E. coli are bacteria found in the environment, food and intestines of humans and animals. E. coli are a large and diverse group of bacteria, according to the CDC.

About E. coli infections

Anyone who has eaten any of the products involved and develops symptoms of an E. coli infection should seek medical attention and notify their doctor of possible food poisoning. Specific tests are needed to diagnose the infections that can mimic other diseases.

Symptoms of E. coli infections vary from person to person, but often include severe stomach cramps and diarrhea that is often bloody. Some patients may also have a fever. Most patients recover within five to seven days. Others may develop severely or life-threatening symptoms and complications, according to the Centers for Disease Control and Prevention (CDC).

About 5 to 10 percent of diagnosed E. coli infections develop a potentially life-threatening complication of kidney failure known as hemolytic uremic syndrome (HUS). Symptoms of HUS include high fever, abdominal pain, feeling very tired, decreased frequency of urination, small unexplained bruising or bleeding, and paleness.

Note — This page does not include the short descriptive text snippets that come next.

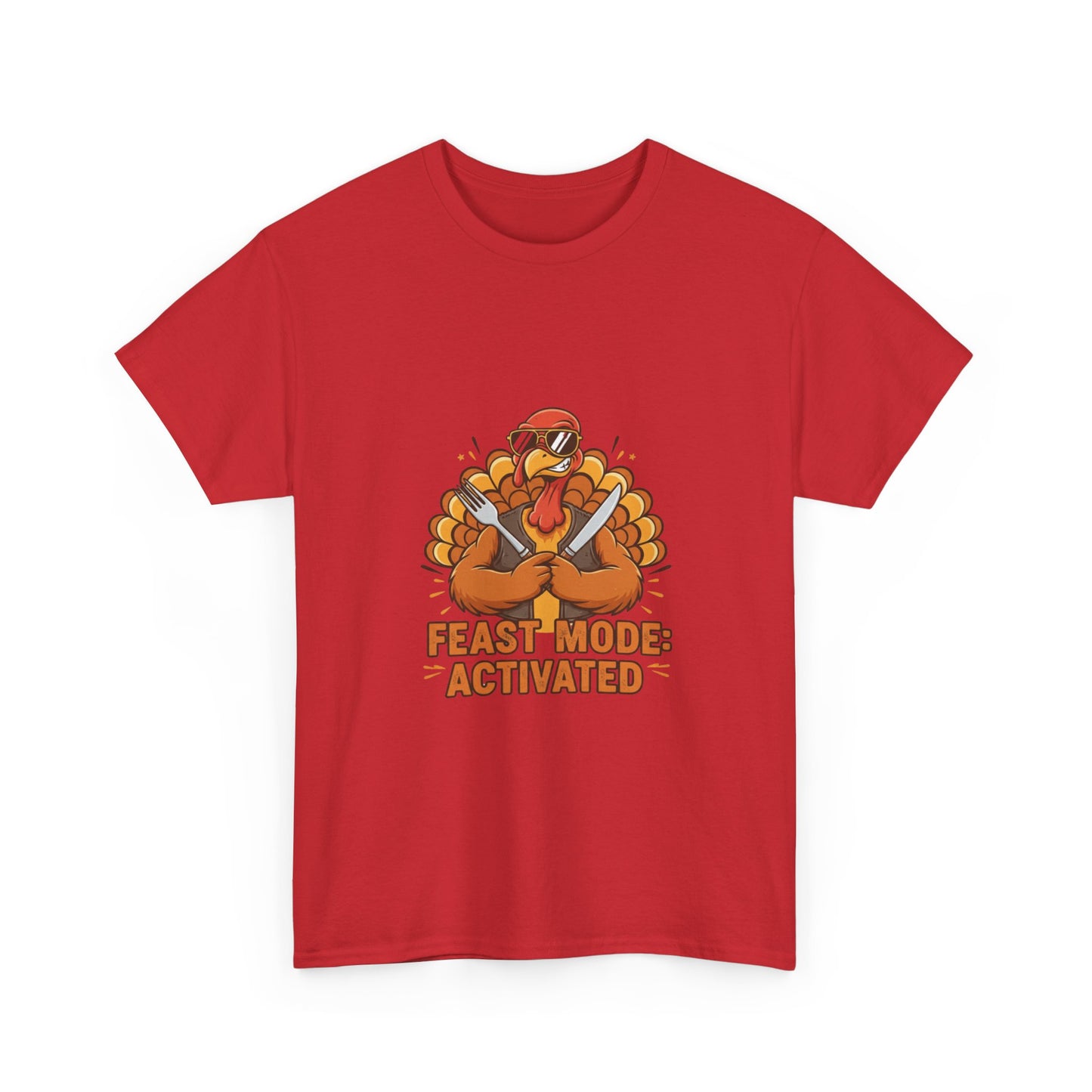 Thanksgiving Feast Mode Unisex Heavy Cotton Tee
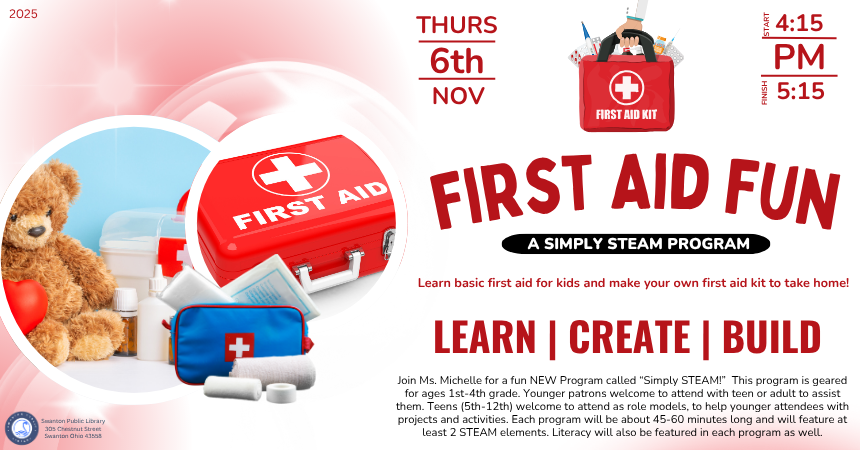 First Aid Fun: Simply STEAM for Grades K-4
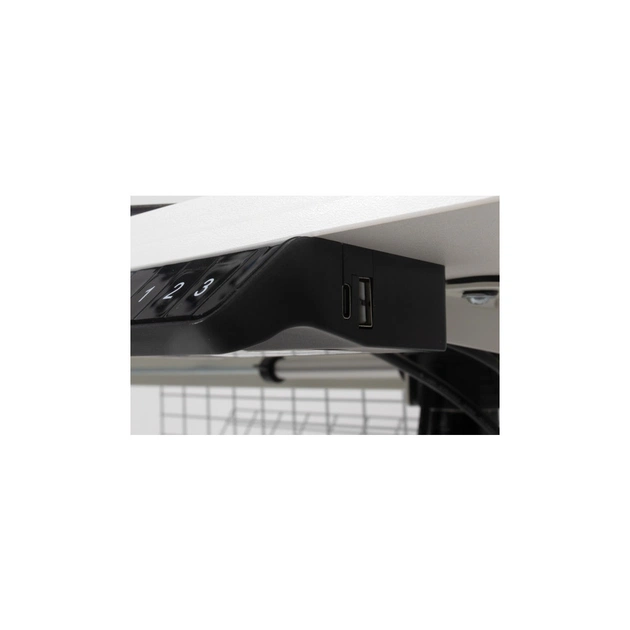 Комп'ютерний стіл Barsky StandUp white 1200*600 (BST-02) - picture 9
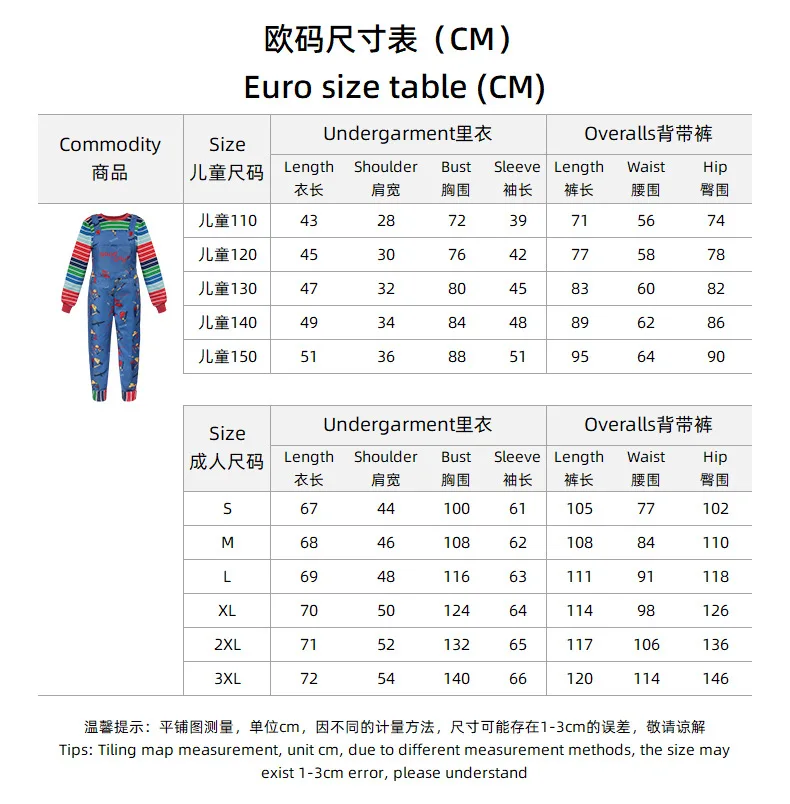 2025 Chucky Cosplay Costume Sh - Kids Party Games review and price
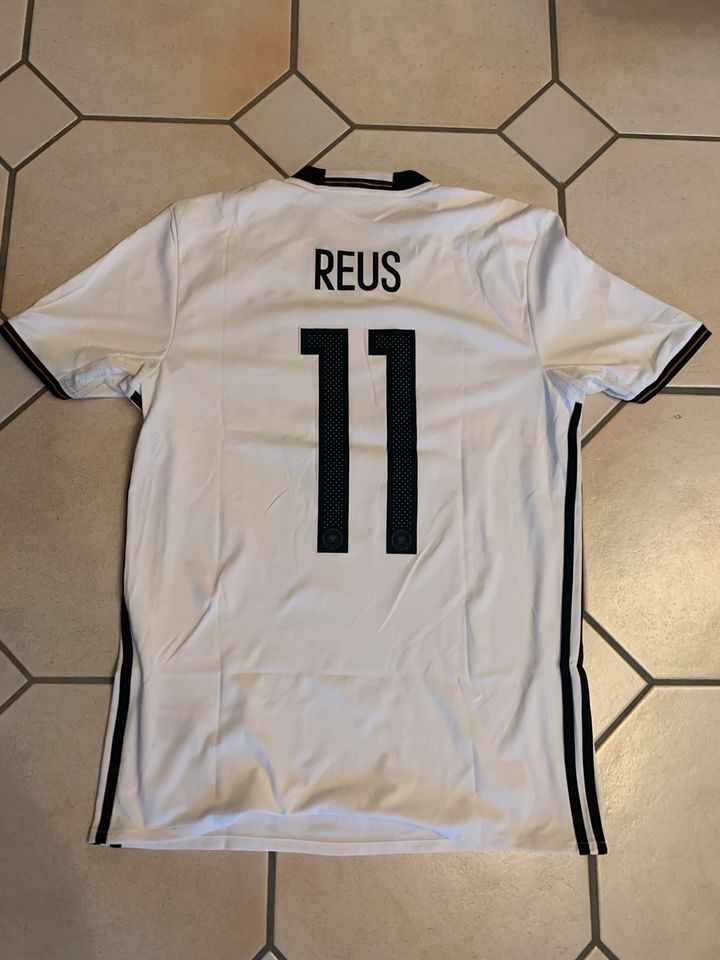 DFB Deutschland Adidas Trikot Herren M Reus 11 Weltmeister BVB in Kreuztal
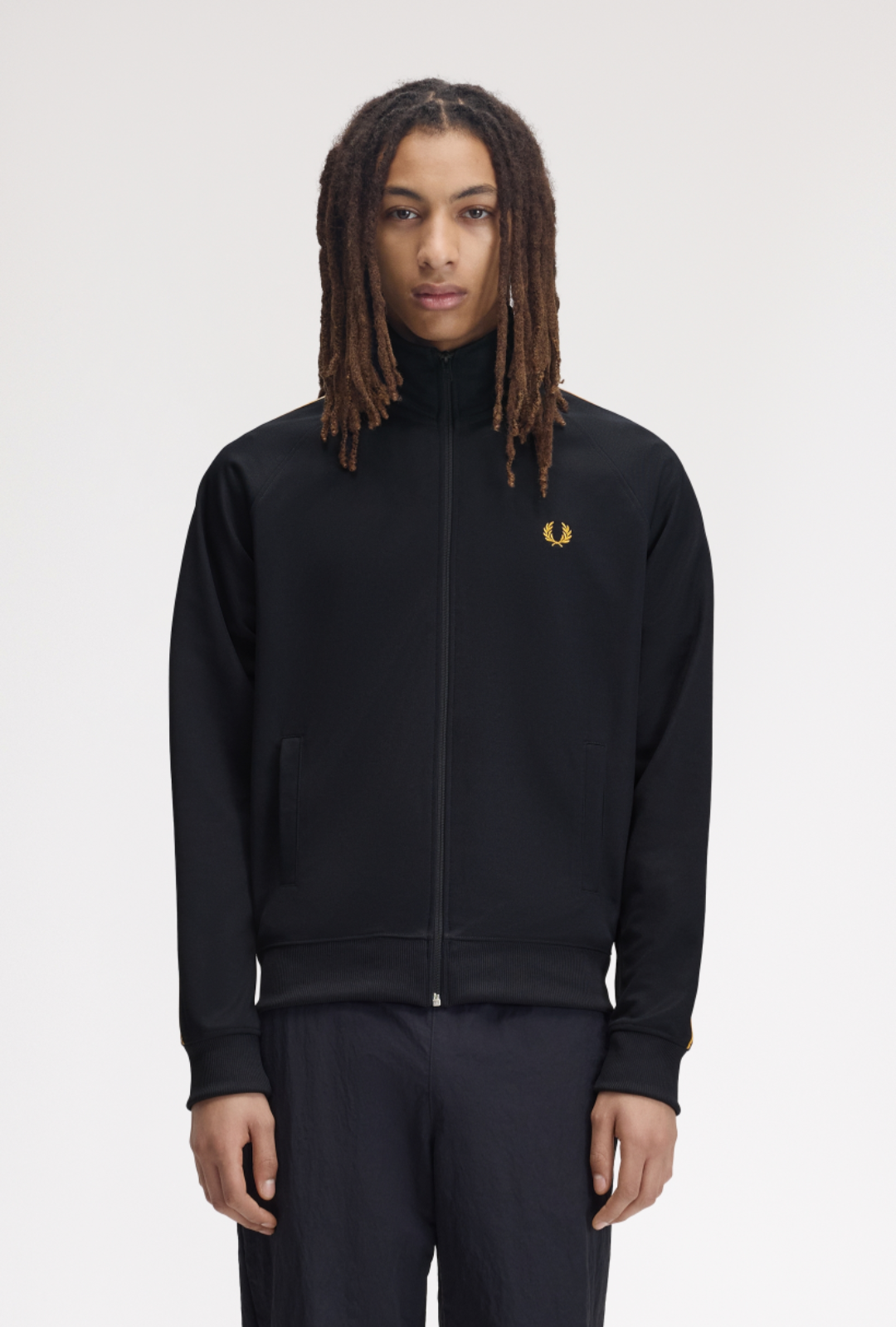 Contrast track Jacket navy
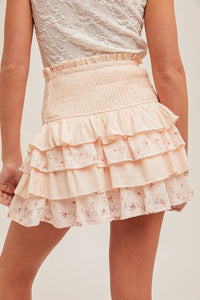 RUFFLE FLOUNCE SKIRT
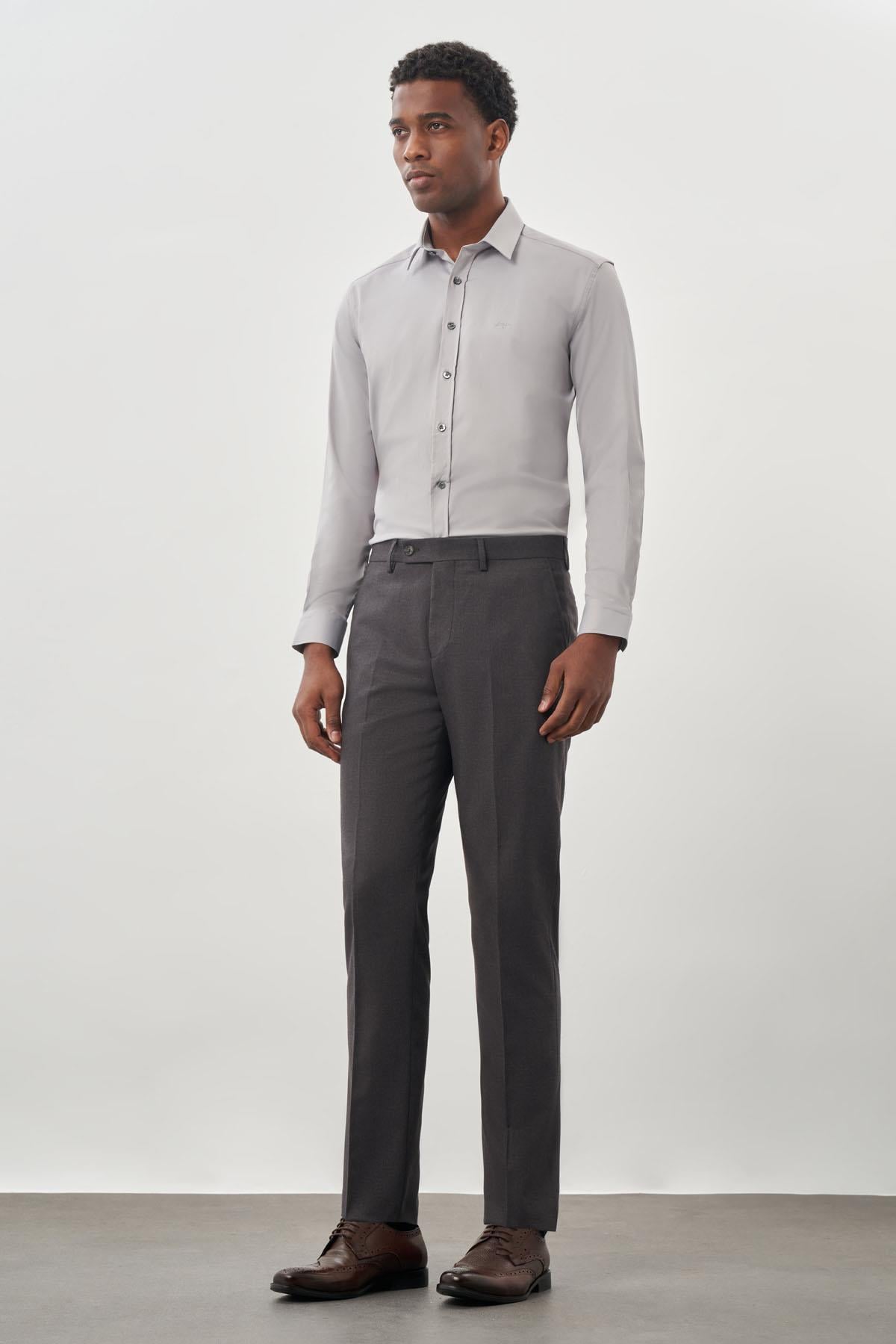Esnek Yandan Cepli Comfort Fit Classic Pantolon 1003245207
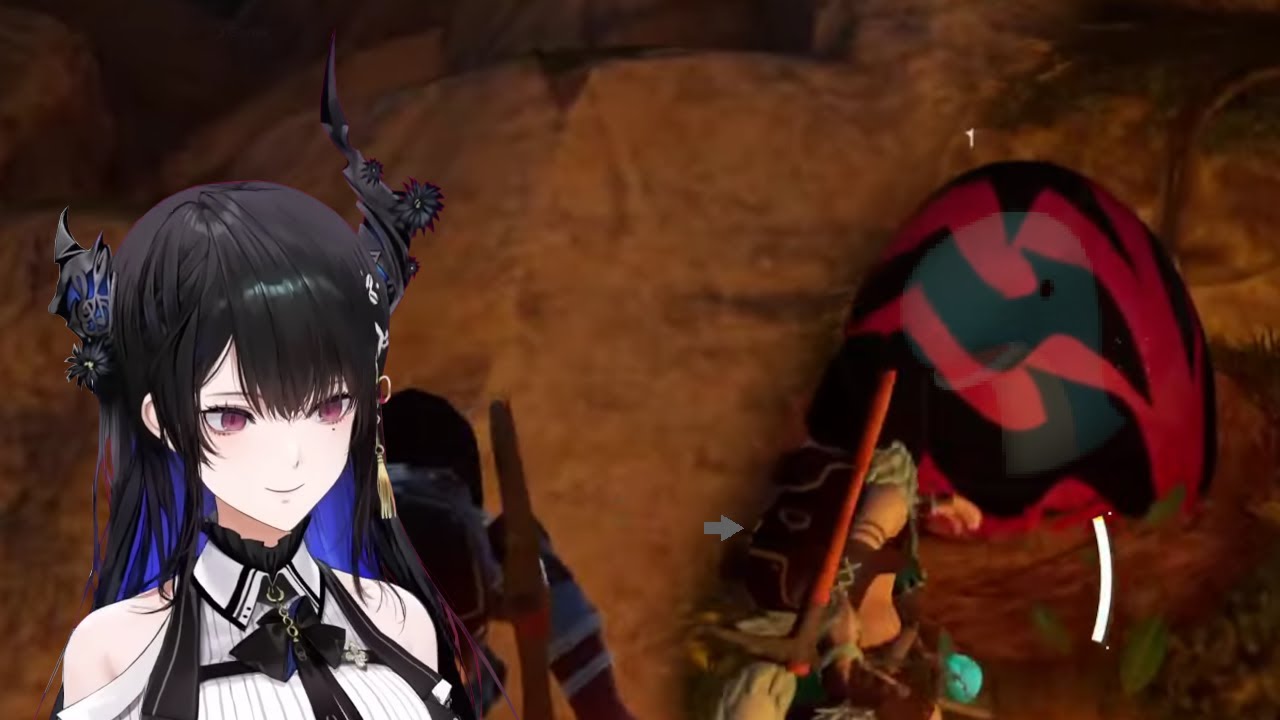 [Hololive EN] Nerissa scales some daunting cliffs to get a Huge Dragon Egg, but then... (Palworld)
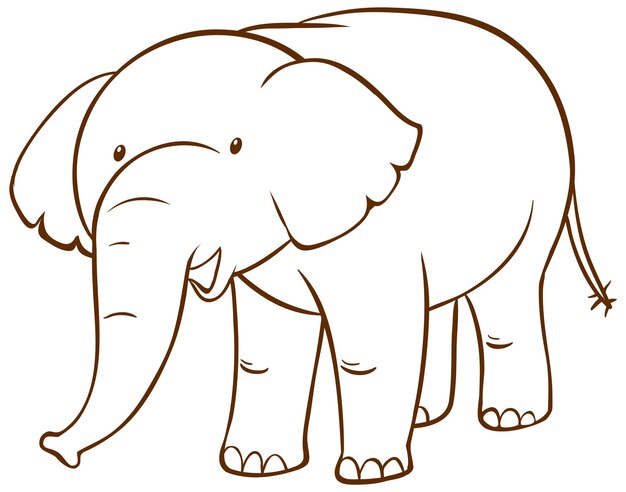 Elephant Clipart Black And White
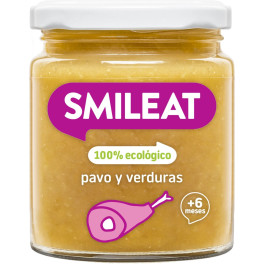 Smileat Tarrito De Pavo Con Verduras 230 G Eco
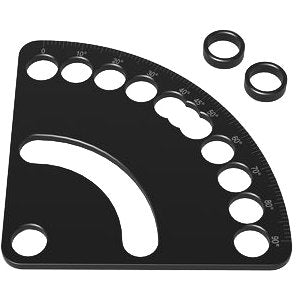 2 - 160455.N: Angle Alignment Template (Nitrided) - 16mm Welding Table Accessories by Siegmund - The Flattest, Most Reliable Welding Tables & Fixturing Accessories in the World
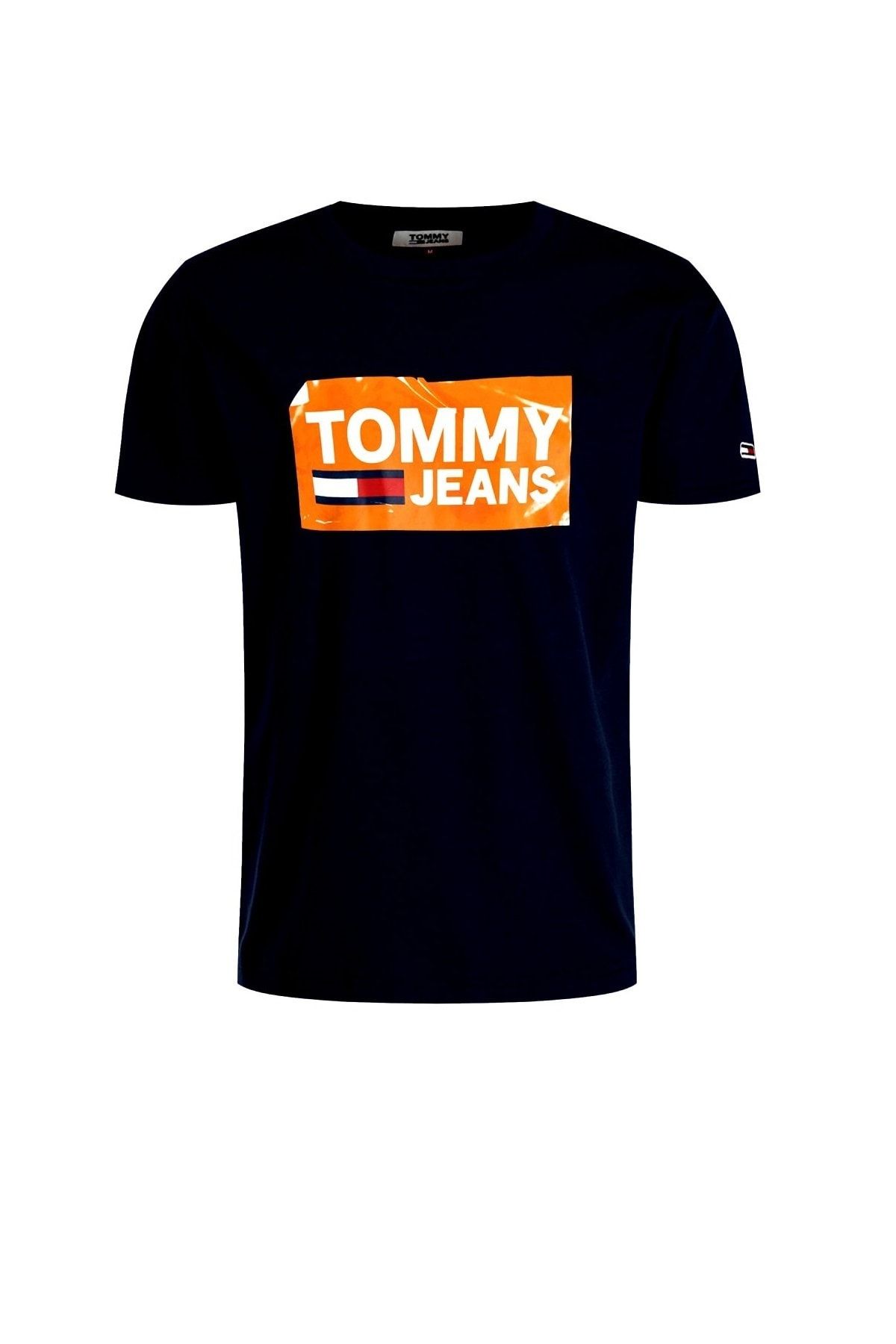 Tommy Hilfiger Erkek Siyah Tommy Jeans T-shirt Dm0dm06502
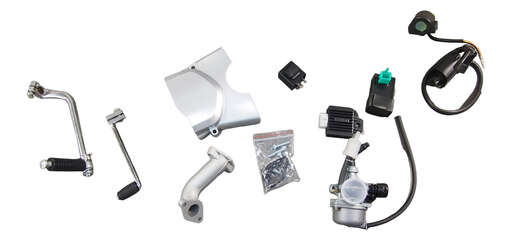 Изображение для Двигатель 4т.  70 см3 (марк 1Р39FMA) Альфа Задиак (поршень 47мм), Кик+элект., 4 МКПП по кругу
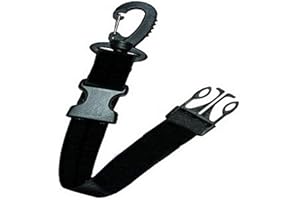 Hammerhead Industries Diving Strap, Side Release with Snap Clip, Black, Classic Style, Webbing Material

Many people with HUS recover within a few weeks, but some suffer permanent injury or death. This condition can occur in people of any age, but is most common in children under five because of their immature immune systems, older people because of weakened immune systems, and people with compromised immune systems, such as cancer patients.

People who experience symptoms of HUS should seek emergency medical attention immediately. People with HUS are likely to be hospitalized because the condition can cause other serious and ongoing problems such as hypertension, chronic kidney disease, brain damage, and neurological problems.